■ ASSIGNMENT:
Below are entries; output exactly the lines from the one with "T SHIRT NAVY" to the one with "Kotty Women Solid Puff Sleeve A-Line Dress", both included, and nothing else.

■ DATA EXCERPTS:
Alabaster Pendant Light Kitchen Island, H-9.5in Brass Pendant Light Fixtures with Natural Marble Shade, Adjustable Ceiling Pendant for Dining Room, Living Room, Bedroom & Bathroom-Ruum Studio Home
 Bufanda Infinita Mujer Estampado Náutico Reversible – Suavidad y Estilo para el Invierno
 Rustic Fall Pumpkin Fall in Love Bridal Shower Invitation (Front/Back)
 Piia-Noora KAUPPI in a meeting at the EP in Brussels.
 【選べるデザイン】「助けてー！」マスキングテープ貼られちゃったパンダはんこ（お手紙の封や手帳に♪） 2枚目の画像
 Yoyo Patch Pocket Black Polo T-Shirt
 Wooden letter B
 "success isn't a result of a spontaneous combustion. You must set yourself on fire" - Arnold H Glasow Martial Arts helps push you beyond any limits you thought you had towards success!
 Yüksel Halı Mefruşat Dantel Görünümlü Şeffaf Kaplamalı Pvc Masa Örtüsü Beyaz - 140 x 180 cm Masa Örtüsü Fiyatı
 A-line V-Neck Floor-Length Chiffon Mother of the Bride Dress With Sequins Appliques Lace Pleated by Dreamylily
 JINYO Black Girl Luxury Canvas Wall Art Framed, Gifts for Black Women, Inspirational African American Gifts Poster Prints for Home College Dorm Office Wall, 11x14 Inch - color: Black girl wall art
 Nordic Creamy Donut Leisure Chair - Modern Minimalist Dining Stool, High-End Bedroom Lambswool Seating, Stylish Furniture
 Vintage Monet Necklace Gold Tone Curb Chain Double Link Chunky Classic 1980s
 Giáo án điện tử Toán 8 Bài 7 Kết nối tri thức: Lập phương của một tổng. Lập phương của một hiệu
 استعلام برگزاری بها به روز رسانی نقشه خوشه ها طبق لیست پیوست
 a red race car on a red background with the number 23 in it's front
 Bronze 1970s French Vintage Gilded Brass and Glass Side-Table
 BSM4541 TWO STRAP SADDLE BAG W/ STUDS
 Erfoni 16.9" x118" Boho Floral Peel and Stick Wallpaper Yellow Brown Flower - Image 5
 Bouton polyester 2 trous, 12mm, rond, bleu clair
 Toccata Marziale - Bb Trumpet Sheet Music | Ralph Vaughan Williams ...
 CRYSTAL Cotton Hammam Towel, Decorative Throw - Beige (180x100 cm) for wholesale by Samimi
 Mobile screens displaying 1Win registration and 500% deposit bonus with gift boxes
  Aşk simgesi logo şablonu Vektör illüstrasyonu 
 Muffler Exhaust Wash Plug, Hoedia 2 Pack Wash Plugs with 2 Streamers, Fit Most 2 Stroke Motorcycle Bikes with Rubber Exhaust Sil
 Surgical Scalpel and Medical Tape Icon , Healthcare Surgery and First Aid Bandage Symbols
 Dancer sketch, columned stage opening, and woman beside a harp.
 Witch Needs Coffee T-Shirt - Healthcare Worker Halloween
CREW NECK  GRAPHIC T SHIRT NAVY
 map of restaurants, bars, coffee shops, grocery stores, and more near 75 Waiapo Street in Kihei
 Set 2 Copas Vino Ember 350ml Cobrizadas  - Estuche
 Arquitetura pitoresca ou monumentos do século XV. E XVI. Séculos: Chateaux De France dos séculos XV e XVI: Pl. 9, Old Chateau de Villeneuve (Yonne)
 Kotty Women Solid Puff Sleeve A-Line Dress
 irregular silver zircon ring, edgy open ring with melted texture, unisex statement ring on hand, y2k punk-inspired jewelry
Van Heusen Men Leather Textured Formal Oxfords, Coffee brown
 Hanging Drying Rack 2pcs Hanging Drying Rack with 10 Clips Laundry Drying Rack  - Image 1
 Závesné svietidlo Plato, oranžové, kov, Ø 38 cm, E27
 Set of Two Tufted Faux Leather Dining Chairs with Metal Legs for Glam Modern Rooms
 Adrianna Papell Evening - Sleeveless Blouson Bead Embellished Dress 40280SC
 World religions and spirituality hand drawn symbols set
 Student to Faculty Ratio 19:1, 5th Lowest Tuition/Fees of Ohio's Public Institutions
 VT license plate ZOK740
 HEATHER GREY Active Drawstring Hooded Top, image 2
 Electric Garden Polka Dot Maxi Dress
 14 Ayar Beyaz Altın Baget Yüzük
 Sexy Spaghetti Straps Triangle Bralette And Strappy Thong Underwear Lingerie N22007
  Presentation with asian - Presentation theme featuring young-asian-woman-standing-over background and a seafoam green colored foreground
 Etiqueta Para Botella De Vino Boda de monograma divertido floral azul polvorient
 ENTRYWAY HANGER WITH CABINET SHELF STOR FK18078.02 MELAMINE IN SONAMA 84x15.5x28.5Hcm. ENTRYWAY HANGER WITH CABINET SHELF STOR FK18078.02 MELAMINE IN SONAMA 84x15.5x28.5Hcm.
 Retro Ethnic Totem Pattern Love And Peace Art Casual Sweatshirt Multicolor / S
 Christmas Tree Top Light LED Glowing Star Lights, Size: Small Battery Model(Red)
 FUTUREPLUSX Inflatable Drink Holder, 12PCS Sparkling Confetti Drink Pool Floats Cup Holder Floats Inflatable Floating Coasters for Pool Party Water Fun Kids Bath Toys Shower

■ FINAL ANSWER:
CREW NECK  GRAPHIC T SHIRT NAVY
 map of restaurants, bars, coffee shops, grocery stores, and more near 75 Waiapo Street in Kihei
 Set 2 Copas Vino Ember 350ml Cobrizadas  - Estuche
 Arquitetura pitoresca ou monumentos do século XV. E XVI. Séculos: Chateaux De France dos séculos XV e XVI: Pl. 9, Old Chateau de Villeneuve (Yonne)
 Kotty Women Solid Puff Sleeve A-Line Dress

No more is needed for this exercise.